Old argument, but one I've not seen answered.
I like the veilance stuff, but is this pricing justified when arc teryx (normal) is half the price?
Particularly on this item, where the design is hardly a great leap away from what they produce anyway and the technology is pretty much there.
September 7, 2010 | Unregistered Commentersts
I think that at a glance the design, styling and technology is very similar. However, it is a new jacket - everything has been improved on and the fabrics, subtle details, trimmed down fit all add to the product. The Veilance collection is pushing Arc'teryx in new ways and the use of different methods they haven't used in production before aren't cheap to develop. Everything is produced in Vancouver in very small quantities with this collection as well, which is not cheap to do.
Of course their main line jackets are great, but for the city setting, for wearing with the clothing we like, these jackets are definitely better and more suited to that situation in terms of aesthetic and fit.
September 7, 2010 | Registered CommenterRyan Willms
Seeing this piece (and regular Arc'teryx jackets) in person really confirms the difference to me. In design conception and construction quality it is definitely a more 'crafted' item.
September 7, 2010 | Unregistered CommenterJorden
yeah this thing is ridiculous.

production in BC aint cheap... not by a long shot
September 7, 2010 | Unregistered CommenterMOA
you could make the same argument about visvim, white mountaineering, and other companies making gore-tex pieces that are above what the average consumer spends. are their pieces worth the step away from what's typically found, even if similar materials are being used with less...pretentious companies?

you could pay 60 bucks for a dress shirt from the gap, 100 from a skate shop, and 200 on something here in this site - what's really justifying it? the same reasons given by the guys that write in this blog. of course, quality, appeal, and significance are purely subjective and are open for discussion. point being, the age-old question being posed is something that's being answered (or at least trying) everyday.

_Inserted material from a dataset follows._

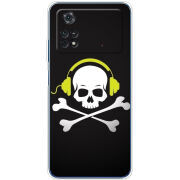 Чехол BoxFace Xiaomi Poco M4 Pro 4G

personally, for me, the price is worth it because i want a good cut, i want good quality, and i wouldn't feel good wearing something i'm not completely satisfied with. a lot of thought goes into the garments i want, and i like companies that put as much effort into their clothes as i put into considering what i like best.
September 8, 2010 | Unregistered Commentern.s.
This line is exquisite. Expensive, yes, but worth it. Beautiful fabrics, perfect design. Nothing better.
September 8, 2010 | Unregistered CommenterMel
I bought an arc'teryx shell a few years back not really knowing anything about the company. I haven't regretted it one bit. I know this may sound pejorative, but I feel the Veilance stuff is a bit more relaxed than their mainline, which is great in my book.
September 8, 2010 | Unregistered Commenterjon
Thanks for the responses.
The argument is not applicable to Visvim et al, n.s. - they don't produce diffusion lines at twice the price. And it’s not about justifying what we spend on clothes, but on the justification of how those clothes are priced.
I repeat that I like the Veilance line and I’m not criticising anyone else’s opinion on this - I agree that these are cutting-edge in construction, well designed, well made, etc. and so on. I don’t doubt that this is a step up from their main line range and I get that the design and the made-in-BC elements justify a premium. I just question whether the premium is justified at 100% and more, on products (more specifically this jacket) that are not a million miles away from what they already produce (albeit adjusted for the “city setting”).
If the above points on design and location of manufacture genuinely make these products twice the price, then fair enough. I’m just saying I’m not convinced.
I’m sure that’s a real blow to them.